# AMF flying wedge picked this up today



## vastingray (Jun 8, 2018)

Picked this up today don't know anything about it I can't find any info on this 16x20 model any information would be gratefuly appreciated


----------



## stoney (Jun 8, 2018)

Wow, pretty cool. Has some nice touches like the colors first of all. The matching color stripes on the seat and the checkered pedals. Nice find. Are your going to give it a good cleanup and show us?


----------



## jrcarz (Jun 8, 2018)

I love it. Really unique frame style.
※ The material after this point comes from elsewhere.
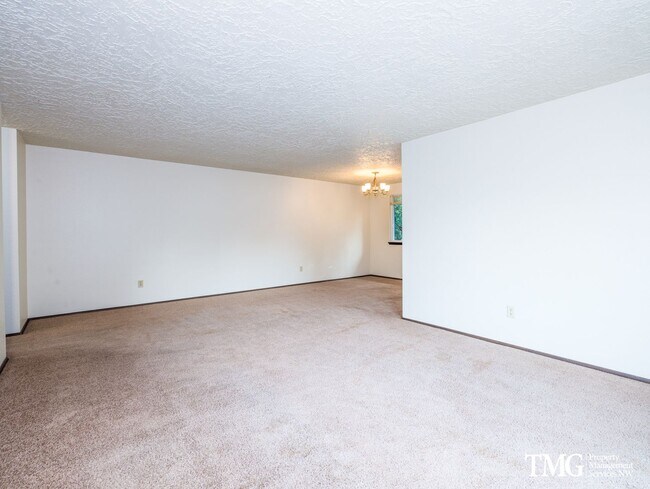 Building Photo - Charming 2BR Condo with a Garage in the Highly Desired McGillivray Neighborhood!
It is 100 % complete.  Very hard to find.  I have a 2 tone copper type color


----------



## stoney (Jun 9, 2018)

So cool


----------



## vastingray (Jun 9, 2018)

Started  cleaning it up today it’s coming back really nice


----------



## rfeagleye (Jun 9, 2018)

Nice find Tom! That is a good one, those 16 x 20 Fantastic Ones are HARD to find and yours is all original. I think it's a 1970. Congrats!


----------



## Hammer (Jun 9, 2018)

Keep them detailing pics coming, love the before and afters ln these cleanups!

Aaron


----------



## vastingray (Jun 10, 2018)

jrcarz said:


> I love it. Really unique frame style. It is 100 % complete.  Very hard to find.  I have a 2 tone copper type color
> 
> View attachment 821010



Wow yours is amazing


----------



## Freqman1 (Jun 12, 2018)

I had one of those in the same color I sold a couple of years ago. Kinda wish I would have kept it now! Nice job on the clean-up. V/r Shawn


----------